_Problem details:_
Up to and including the line with "Usa crema o gel antes de afeitarte", copy the records below exactly from their first line.

[[ Supplied material open ]]

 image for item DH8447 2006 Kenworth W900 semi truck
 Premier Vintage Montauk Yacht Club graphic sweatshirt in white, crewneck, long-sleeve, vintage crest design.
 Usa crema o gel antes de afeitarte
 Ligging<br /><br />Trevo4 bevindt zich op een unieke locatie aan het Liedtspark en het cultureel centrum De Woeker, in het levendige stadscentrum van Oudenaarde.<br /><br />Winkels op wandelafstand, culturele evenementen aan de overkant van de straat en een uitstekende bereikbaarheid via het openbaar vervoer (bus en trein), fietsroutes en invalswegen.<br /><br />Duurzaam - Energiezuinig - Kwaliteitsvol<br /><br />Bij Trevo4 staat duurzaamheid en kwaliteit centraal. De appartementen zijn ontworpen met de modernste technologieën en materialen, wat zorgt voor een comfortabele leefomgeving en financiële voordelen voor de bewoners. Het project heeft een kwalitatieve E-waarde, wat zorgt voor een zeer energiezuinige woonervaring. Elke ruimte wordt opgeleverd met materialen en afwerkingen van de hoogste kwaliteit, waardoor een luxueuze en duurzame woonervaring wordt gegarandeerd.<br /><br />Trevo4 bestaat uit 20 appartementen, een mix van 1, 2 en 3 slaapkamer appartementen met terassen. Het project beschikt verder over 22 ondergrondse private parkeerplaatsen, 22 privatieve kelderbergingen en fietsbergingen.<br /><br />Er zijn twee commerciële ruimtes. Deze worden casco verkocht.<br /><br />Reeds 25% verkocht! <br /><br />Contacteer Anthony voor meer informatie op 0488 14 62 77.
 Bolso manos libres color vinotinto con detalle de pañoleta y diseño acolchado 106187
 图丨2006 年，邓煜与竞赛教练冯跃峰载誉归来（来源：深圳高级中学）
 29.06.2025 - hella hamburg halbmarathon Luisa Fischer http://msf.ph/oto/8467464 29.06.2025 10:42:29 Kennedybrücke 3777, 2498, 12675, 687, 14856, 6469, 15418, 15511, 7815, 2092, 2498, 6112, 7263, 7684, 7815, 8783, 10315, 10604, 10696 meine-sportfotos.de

[[ Supplied material closed ]]

_Solved problem:_
 image for item DH8447 2006 Kenworth W900 semi truck
 Premier Vintage Montauk Yacht Club graphic sweatshirt in white, crewneck, long-sleeve, vintage crest design.
 Usa crema o gel antes de afeitarte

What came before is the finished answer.